- Work instruction
Your answer should hold exactly the lines below from the line with "This is One" through the line with "I waited for", both included, and no pictures at all.

== Segment start ==

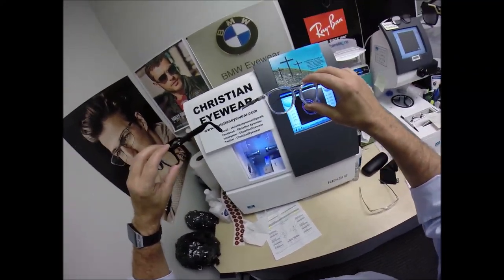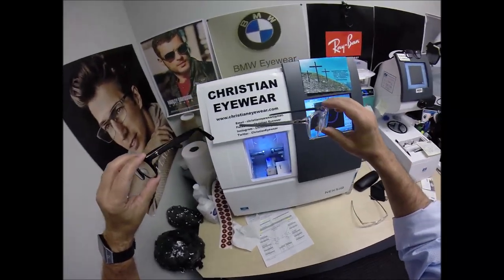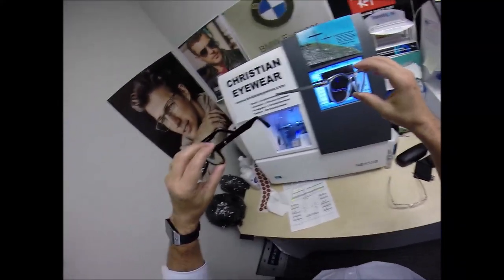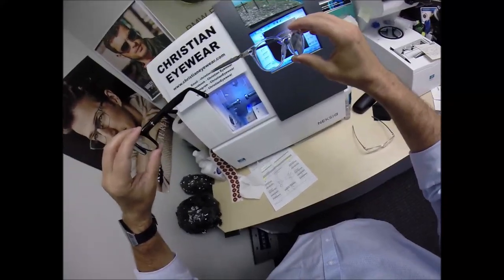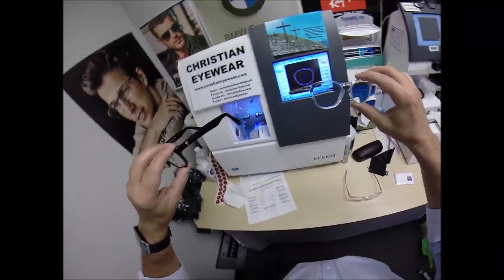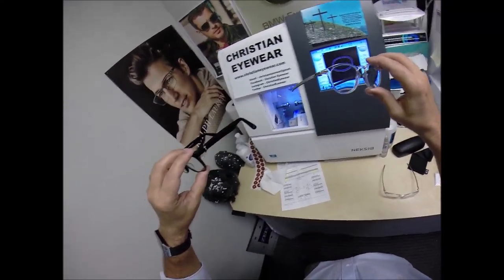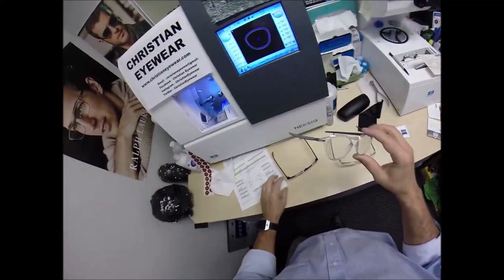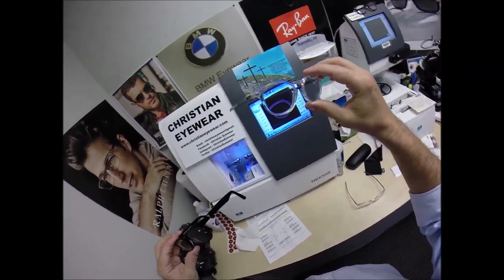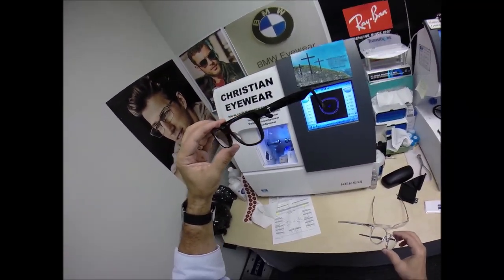I want to start by saying I am a licensed optician. I went to college to learn how to do this. I passed the state board exam with the highest score in the recorded history of my state. It's a bank of 200 questions that they randomly select 50 from — I just got lucky in all eight tests. But I woke up one day and realized I'm just a cover band — I'm putting lenses in other people's songs. I'll never be a rock star optician until I write my own song. That's why I designed Christian Eyewear, and I'll have more and more frames coming out.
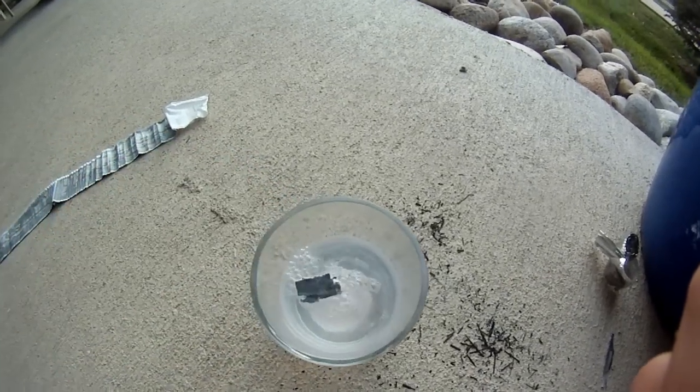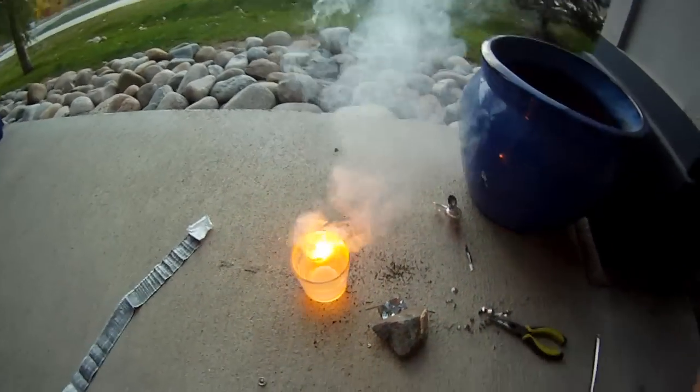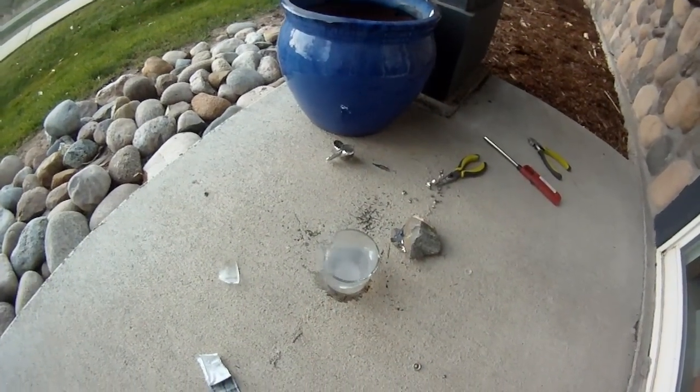This is One Bad Idea, and today we're going to be doing experiments with elemental lithium to explore its chemical properties and how it bonds with other elements.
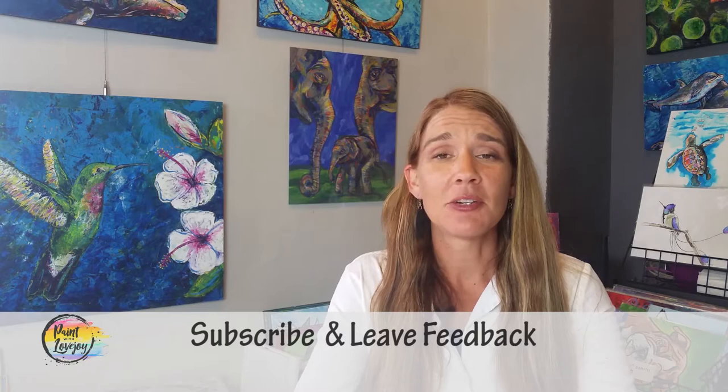Hey guys, how's it going? Welcome to my studio. This is Paint with Lovejoy. Thanks so much for joining me today. If this is your first time here, welcome. Make sure you hit the subscribe button so that way you can stay updated with all the other videos that I release in the future.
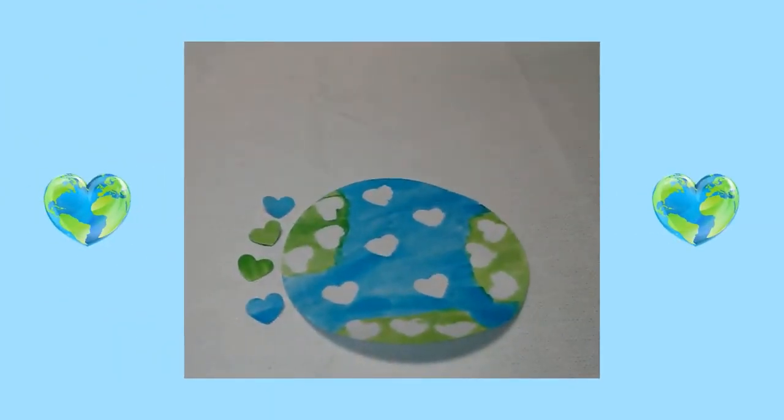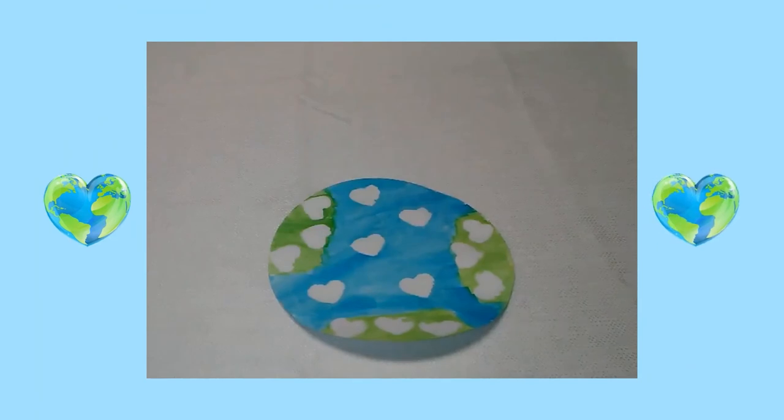I waited for the paint to dry. Then I took off the hearts. The green part of my craft is supposed to be the land on Earth and the blue part is supposed to be the water.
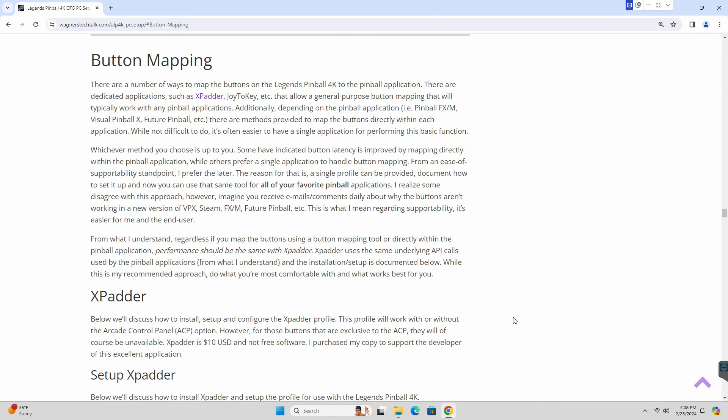When it comes to mapping the buttons, there are a number of ways to accomplish this. Each pinball application has its own built-in method of mapping the physical buttons on the machine to the games you want to play. I prefer to use a tool called XPatter. It makes it easier for the end user as it allows me to provide a pre-configured profile that works with very little hassle. There is much more detail in the written guide. XPatter is not free — it costs about $10 — and in my opinion it's well worth it. I purchased my copy to support the developer. I'll show you how to set it up.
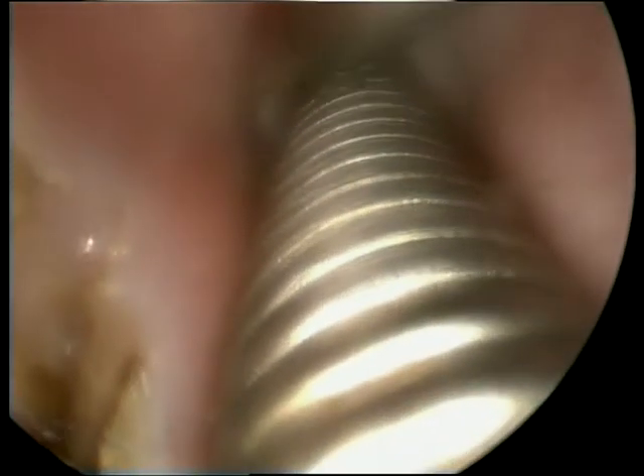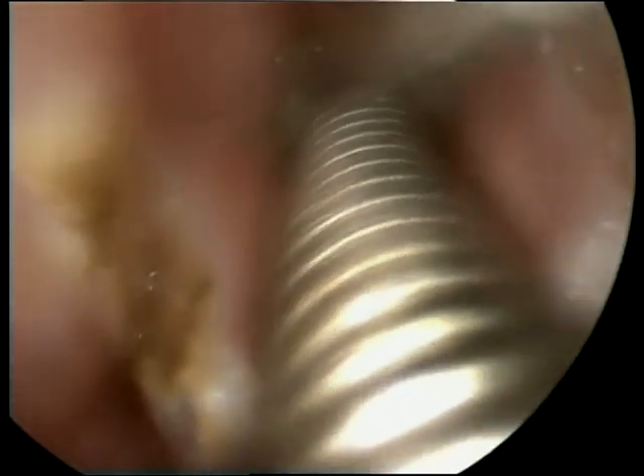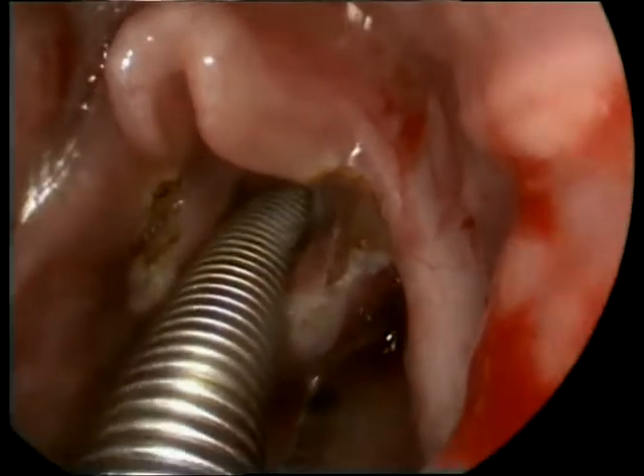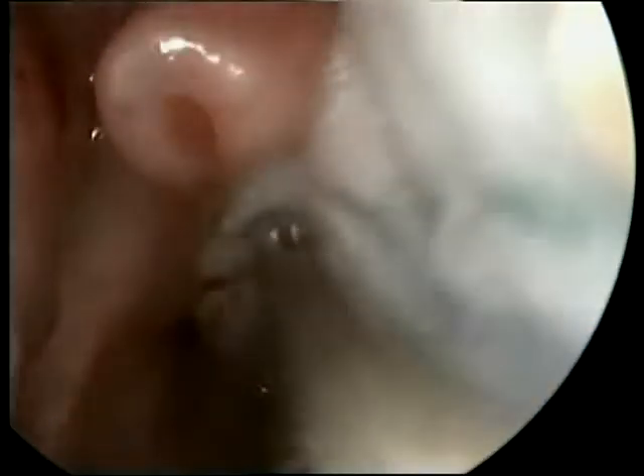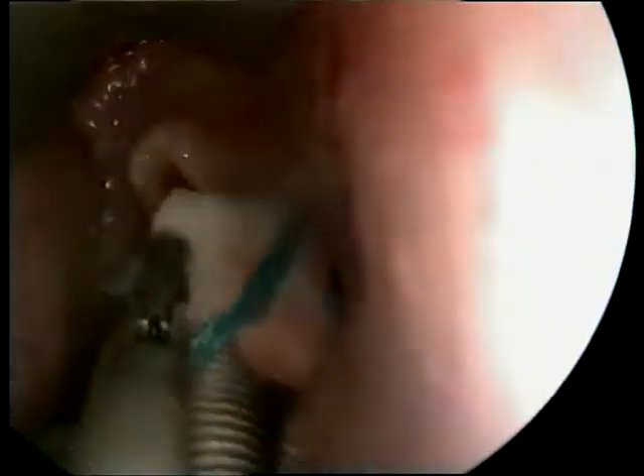Incidentally, I found a little granuloma or polypoid growth over the left vocal cord which seems to be above the cord itself, and I attempt to remove it with the cupped forceps. Technically, the surgical part of the procedure is finished and we need to change the endotracheal tube to a regular endotracheal tube, as we plan to keep the child intubated for a day or two postoperatively.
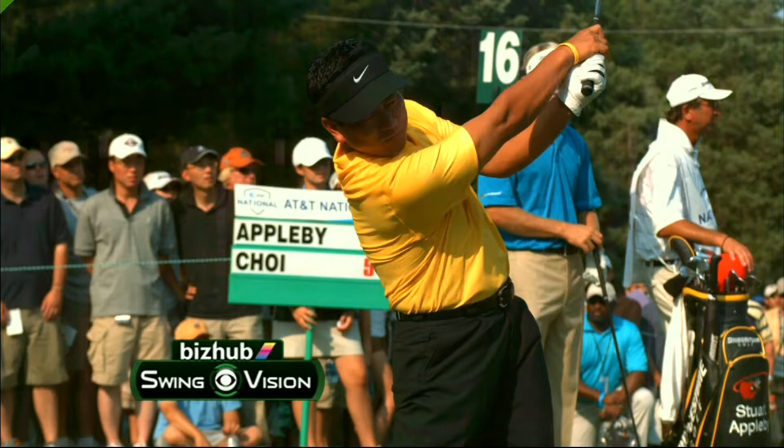A very strong, powerful, and consistent golf swing from KJ Choi. It's really interesting — Peter Costas there on the downswing, his left arm bends.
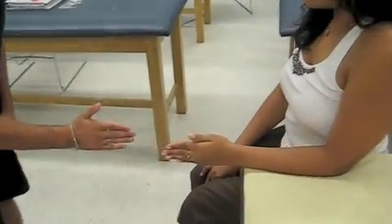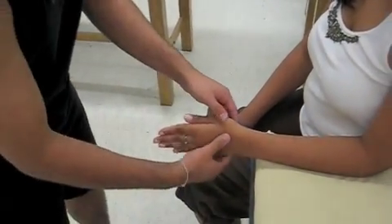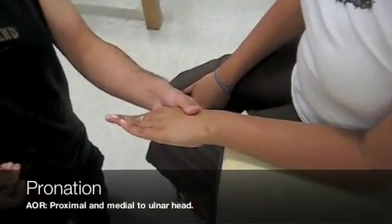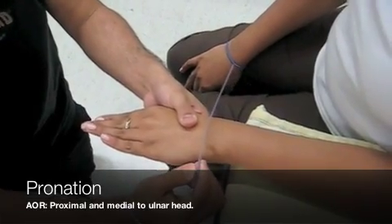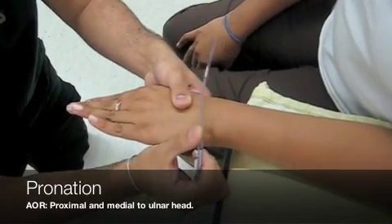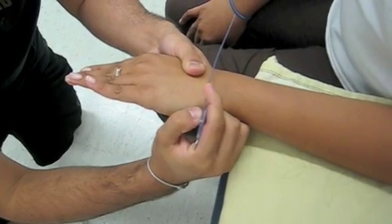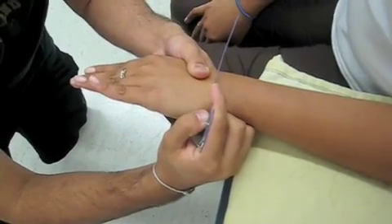I'm going to ask Deepo to move her hand this way, then bring it back. I'm going to move it for her and give it a little bit of overpressure. Now I'm going to take my goniometer. The stationary arm is going to be perpendicular to the floor, and the moving arm is going to be on the dorsal surface of the wrist. And I get 75 degrees of pronation.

== Segment end ==

- Task response
This is One Bad Idea, and today we're going to be doing experiments with elemental lithium to explore its chemical properties and how it bonds with other elements.
Hey guys, how's it going? Welcome to my studio. This is Paint with Lovejoy. Thanks so much for joining me today. If this is your first time here, welcome. Make sure you hit the subscribe button so that way you can stay updated with all the other videos that I release in the future.
I waited for the paint to dry. Then I took off the hearts. The green part of my craft is supposed to be the land on Earth and the blue part is supposed to be the water.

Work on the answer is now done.